### Work request:
Any picture in the range stays out of the copy; retype exactly the lines from the one with "Felix Doolittle square" to the end of the listing.

### Extracted records:
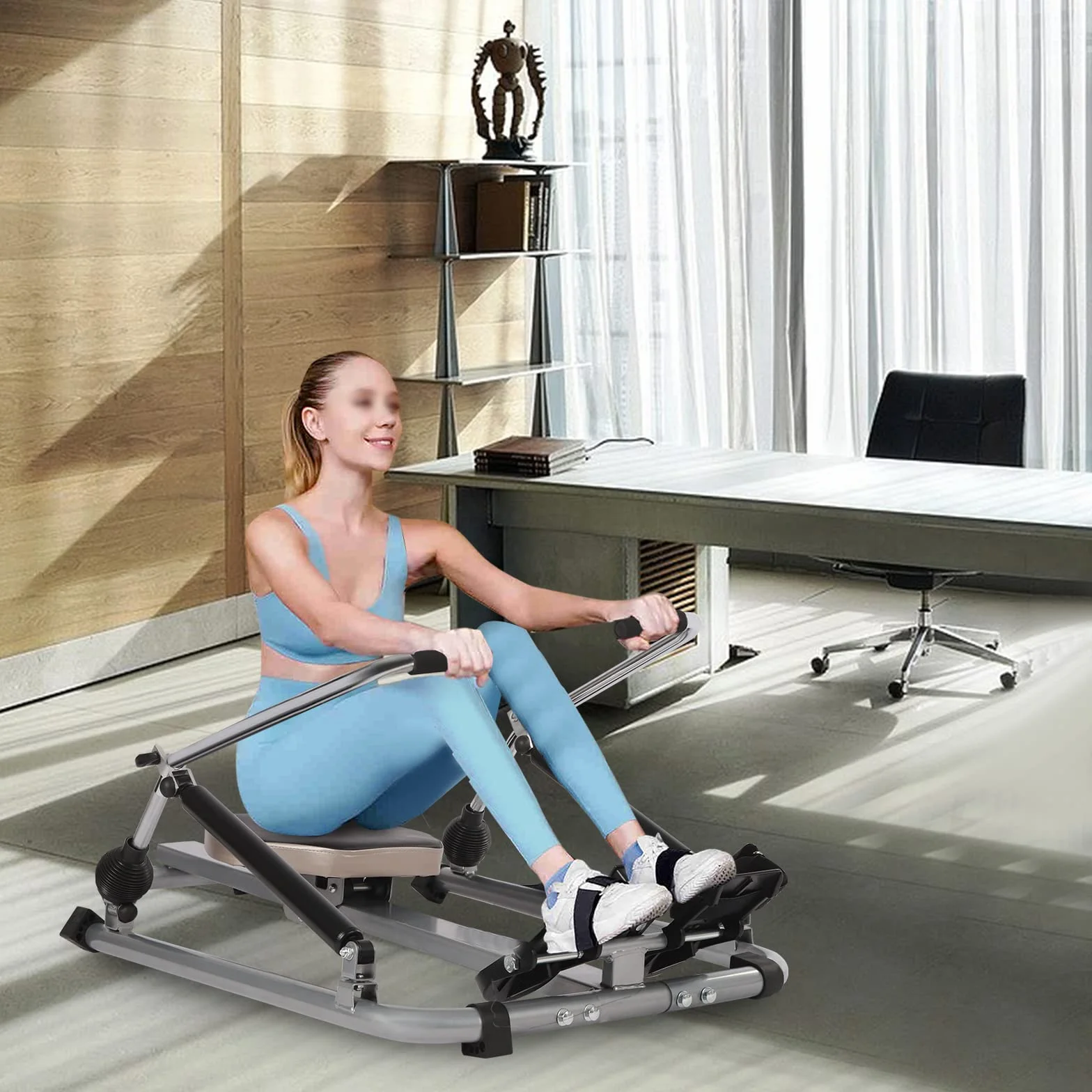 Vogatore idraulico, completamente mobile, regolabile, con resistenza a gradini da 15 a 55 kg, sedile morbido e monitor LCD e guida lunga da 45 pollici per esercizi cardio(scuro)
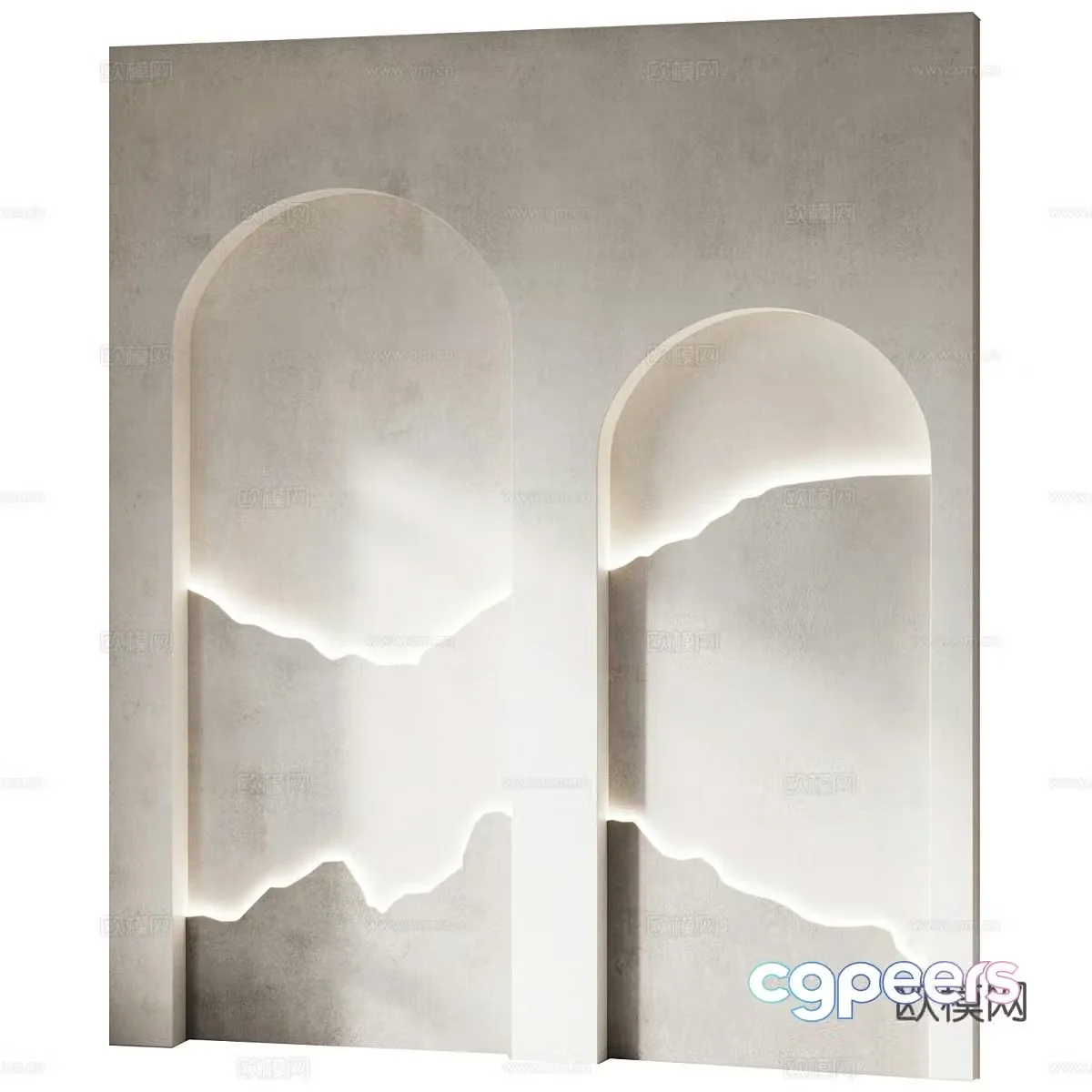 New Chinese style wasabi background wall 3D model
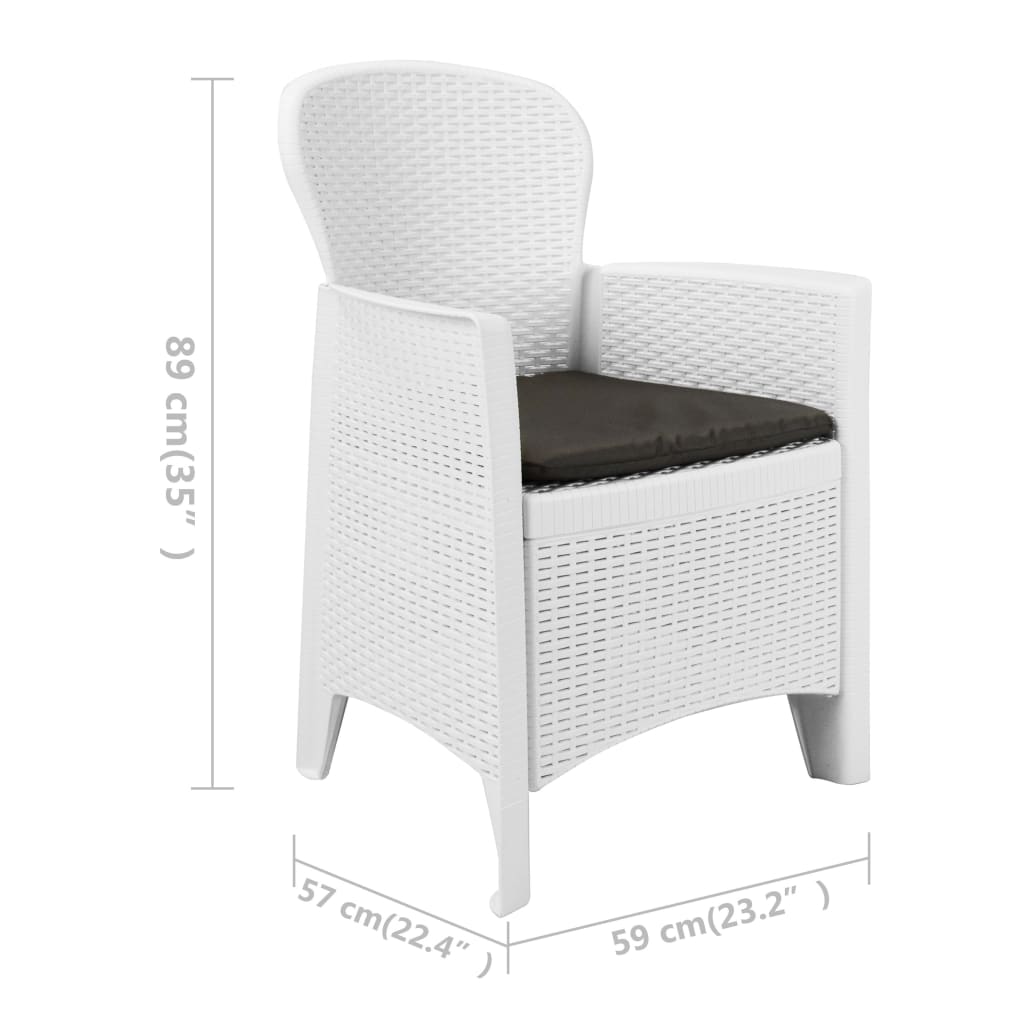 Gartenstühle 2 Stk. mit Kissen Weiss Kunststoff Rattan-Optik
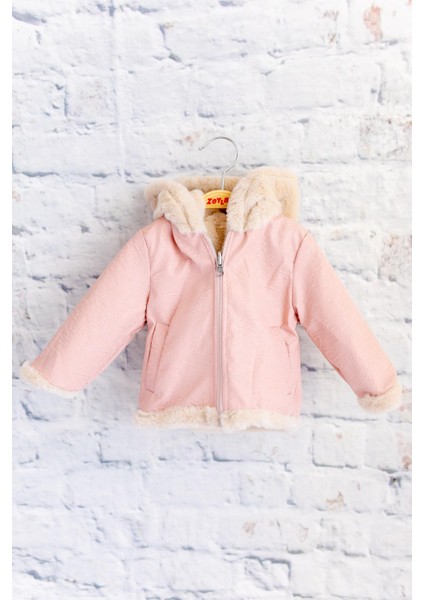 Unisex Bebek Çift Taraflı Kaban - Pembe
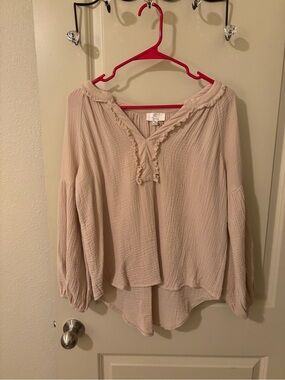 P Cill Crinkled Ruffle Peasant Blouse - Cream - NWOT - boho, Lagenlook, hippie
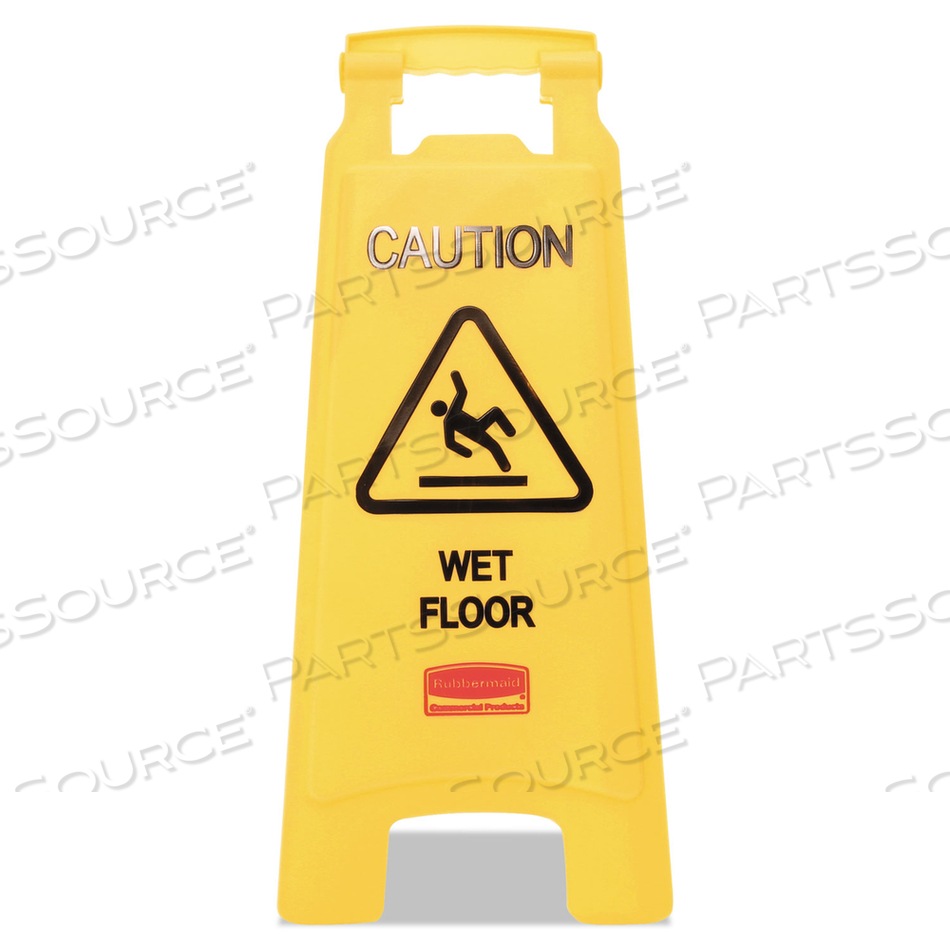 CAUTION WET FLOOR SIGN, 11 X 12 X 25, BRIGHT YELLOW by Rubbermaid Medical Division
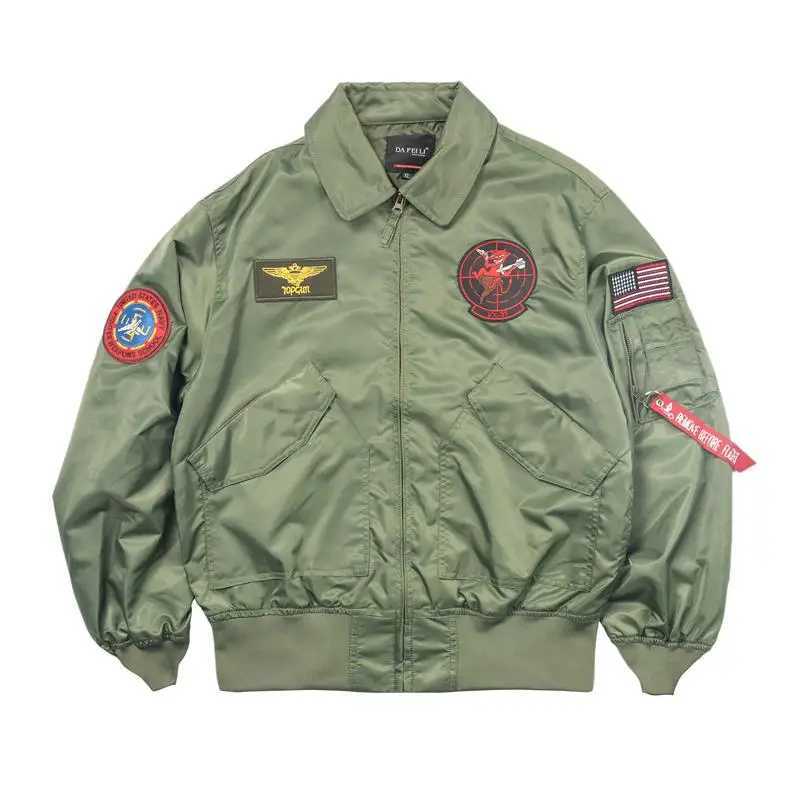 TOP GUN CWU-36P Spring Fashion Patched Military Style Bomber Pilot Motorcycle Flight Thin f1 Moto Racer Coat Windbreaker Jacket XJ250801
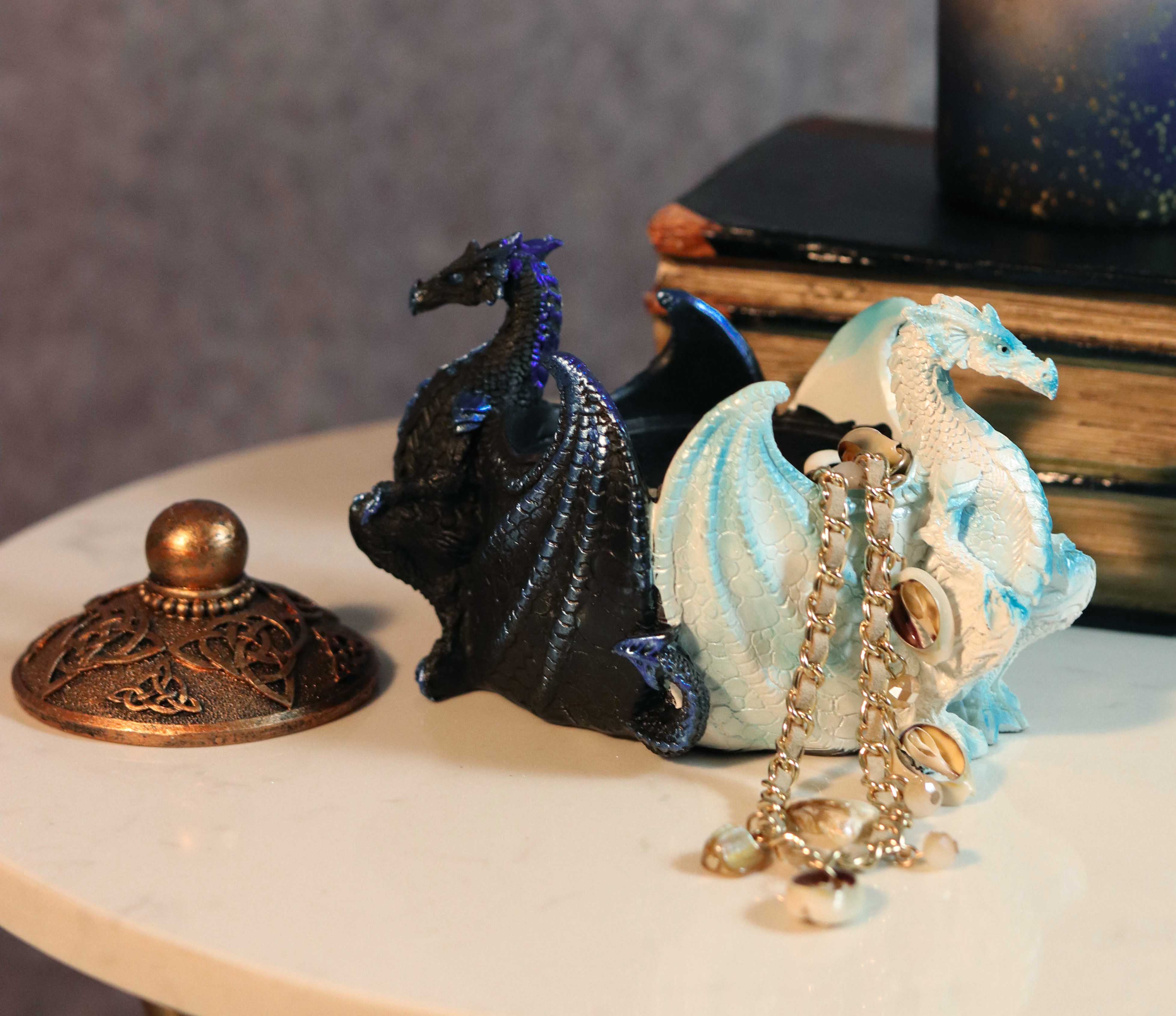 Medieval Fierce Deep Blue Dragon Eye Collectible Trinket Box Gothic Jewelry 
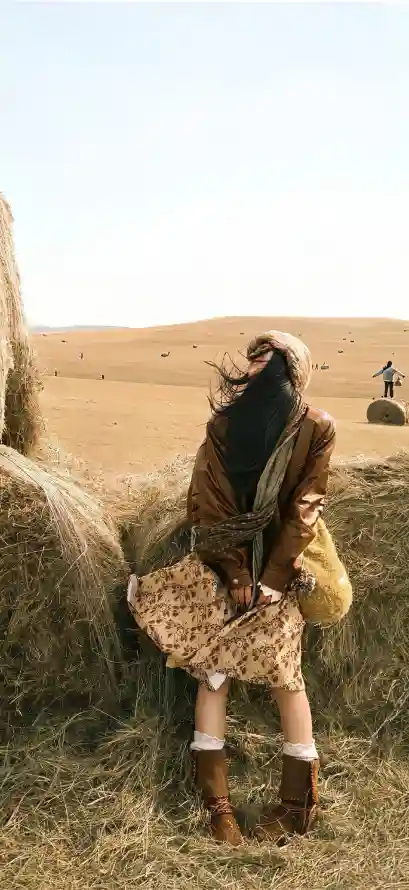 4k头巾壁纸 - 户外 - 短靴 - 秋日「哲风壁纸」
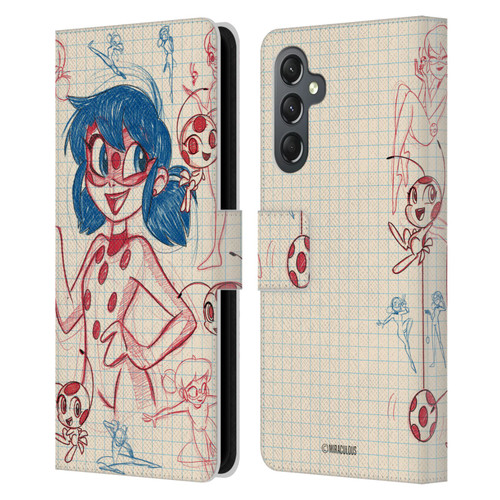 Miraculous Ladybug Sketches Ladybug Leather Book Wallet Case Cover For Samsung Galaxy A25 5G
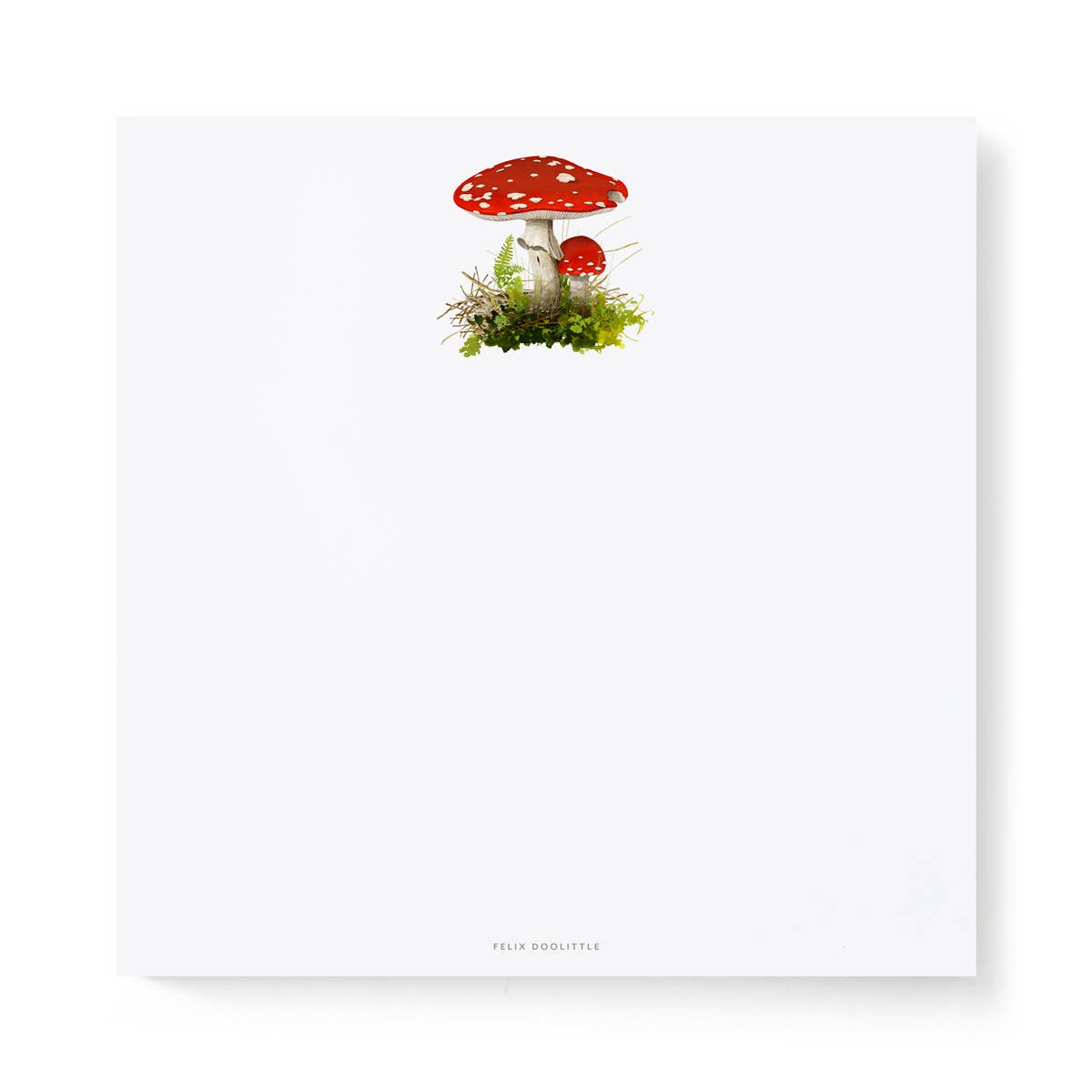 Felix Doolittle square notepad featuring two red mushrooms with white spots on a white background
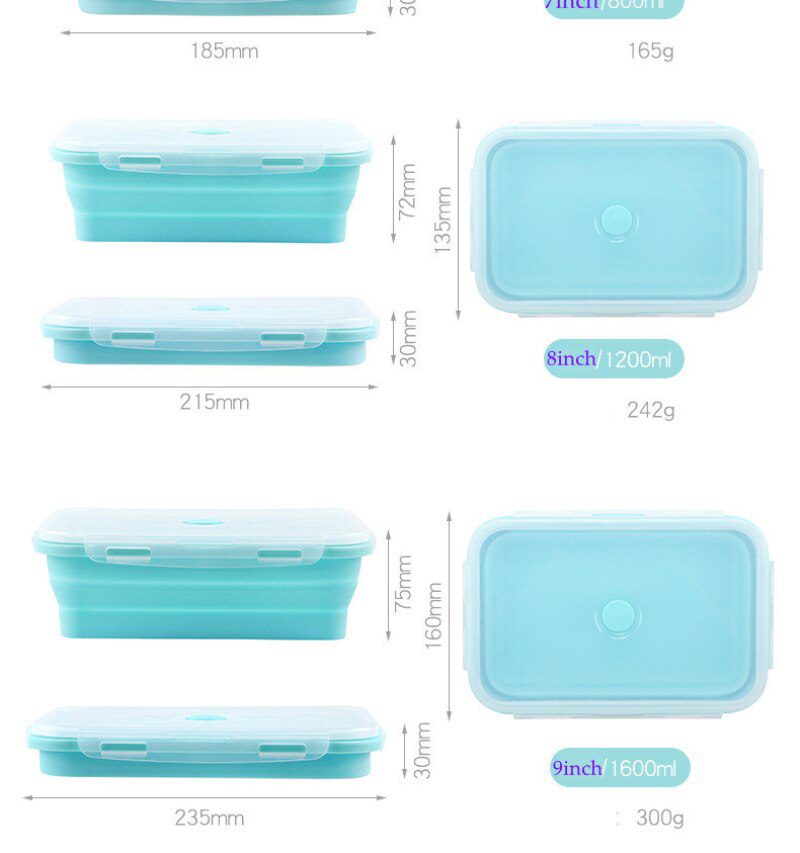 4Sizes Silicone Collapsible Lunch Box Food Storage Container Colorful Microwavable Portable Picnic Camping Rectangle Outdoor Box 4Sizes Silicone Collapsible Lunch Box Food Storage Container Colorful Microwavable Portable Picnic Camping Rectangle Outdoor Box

### Answer box:
 Felix Doolittle square notepad featuring two red mushrooms with white spots on a white background
 4Sizes Silicone Collapsible Lunch Box Food Storage Container Colorful Microwavable Portable Picnic Camping Rectangle Outdoor Box 4Sizes Silicone Collapsible Lunch Box Food Storage Container Colorful Microwavable Portable Picnic Camping Rectangle Outdoor Box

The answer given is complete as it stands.